MARY, OUR MOTHER

Sunday, March 25, 2007



At today's Angelus, the Holy Father spoke about the Incarnation of Christ through the Annunciation to Mary:


Focusing his comments on the Annunciation, the Pope began by telling those present that "The Annunciation, found in the beginning of the Gospel of Luke, was a humble, hidden event. Nobody saw it and nobody knew about it except Mary."

Nevertheless, he emphasized, the Annunciation "is at the same time a decisive event in human history."

With this event, the Word of God became incarnate and a "new era of history began." The Holy Father drew a parallel between Mary's "Yes" to the Angel and Jesus' "Yes" to His Father's Will, saying, "The 'Yes' of Mary is a perfect reflection of the Christ's 'Yes' when He enters the world."

This "Yes" can be found in the Letter to the Hebrew's interpretation of Psalm 39, he continued, where it is written that, "I come, O God, to do Thy Will." Because of this, "The Annunciation is also a Christological Feast Day, because it celebrates a central mystery of Christ: His Incarnation."

According to the Pope, "Mary's response to the Angel is undertaken by the Church, which is called to make Christ present throughout history." Additionally, the "Yes" of the Saints, "especially the martyrs," renews the "Yes" of Jesus and Mary. This is why the Church chooses March 24th to "celebrate the Day of Prayer and Penance for Martyr Missionaries."

The Martyr Missionaries, he continued, "are the 'hope of the world' because they testify that Christ's love is stronger than violence and hate." Christian martyrs do not seek to be killed, "but they are ready to give their lives to remain faithful to the Gospel."

The Pope concluded his Angelus address by asking the faithful to contemplate "the Madonna who, on Calvary, is a sign of the 'Yes' given in Nazareth." He then prayed for her intercession, "so that the Church may be faithful to its mission and give the world courageous testimony of the love of God."
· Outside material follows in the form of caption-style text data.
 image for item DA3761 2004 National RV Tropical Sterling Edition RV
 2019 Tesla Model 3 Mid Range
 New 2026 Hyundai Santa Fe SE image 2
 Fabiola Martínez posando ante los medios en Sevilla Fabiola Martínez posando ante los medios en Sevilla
Below is an excerpt from Saint Bernard of Clairvaux:


Annunciation and Mary's Fiat--

St Bernard

The Whole World

Awaits Mary's Response

St. Bernard of Clairvaux

St. Bernard,Catholic Church, Love, Doctor of the Church

This excerpt from a homily In Praise of the Virgin Mother by St. Bernard (Hom. 4, 8-9: Opera omnia, Edit. Cisterc. 4 [1966], 53-54) is used in the Roman Office of Readings on December 20, in the fourth week of Advent, but it is also a great reading for the Solemnity (Feast) of the Annunciation of the Lord on March 25. Bernard dramatically celebrates Mary's Fiat, or statement of consent in response to the announcement by the Archangel Gabriel, behold the handmaiden of the Lord; "let it me done to me according to your word."
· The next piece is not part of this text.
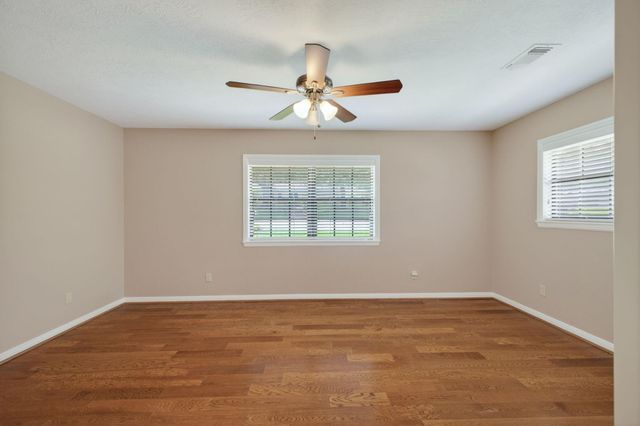 408 W Tom Green Street, Brenham, TX 77833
You have heard, O Virgin, that you will conceive and bear a son; you have heard that it will not be by man but by the Holy Spirit. The angel awaits an answer; it is time for him to return to God who sent him. We too are waiting, O Lady, for your word of compassion; the sentence of condemnation weighs heavily upon us.


The price of our salvation is offered to you. We shall be set free at once if you consent. In the eternal Word of God we all came to be, and behold, we die. In your brief response we are to be remade in order to be recalled to life.


Tearful Adam with his sorrowing family begs this of you, O loving Virgin, in their exile from Paradise. Abraham begs it, David begs it. All the other holy patriarchs, your ancestors, ask it of you, as they dwell in the country of the shadow of death. This is what the whole earth waits for, prostrate at your feet. It is right in doing so, for on your word depends comfort for the wretched, ransom for the captive, freedom for the condemned, indeed, salvation for all the sons of Adam, the whole of your race.


Answer quickly, O Virgin. Reply in haste to the angel, or rather through the angel to the Lord. Answer with a word, receive the Word of God. Speak your own word, conceive the divine Word. Breathe a passing word, embrace the eternal Word.


Why do you delay, why are you afraid? Believe, give praise, and receive. Let humility be bold, let modesty be confident. This is no time for virginal simplicity to forget prudence. In this matter alone, O prudent Virgin, do not fear to be presumptuous. Though modest silence is pleasing, dutiful speech is now more necessary. Open your heart to faith, O blessed Virgin, your lips to praise, your womb to the Creator. See, the desired of all nations is at your door, knocking to enter. If he should pass by because of your delay, in sorrow you would begin to seek him afresh, the One whom your soul loves. Arise, hasten, open. Arise in faith, hasten in devotion, open in praise and thanksgiving. Behold the handmaid of the Lord, she says, be it done to me according to your word.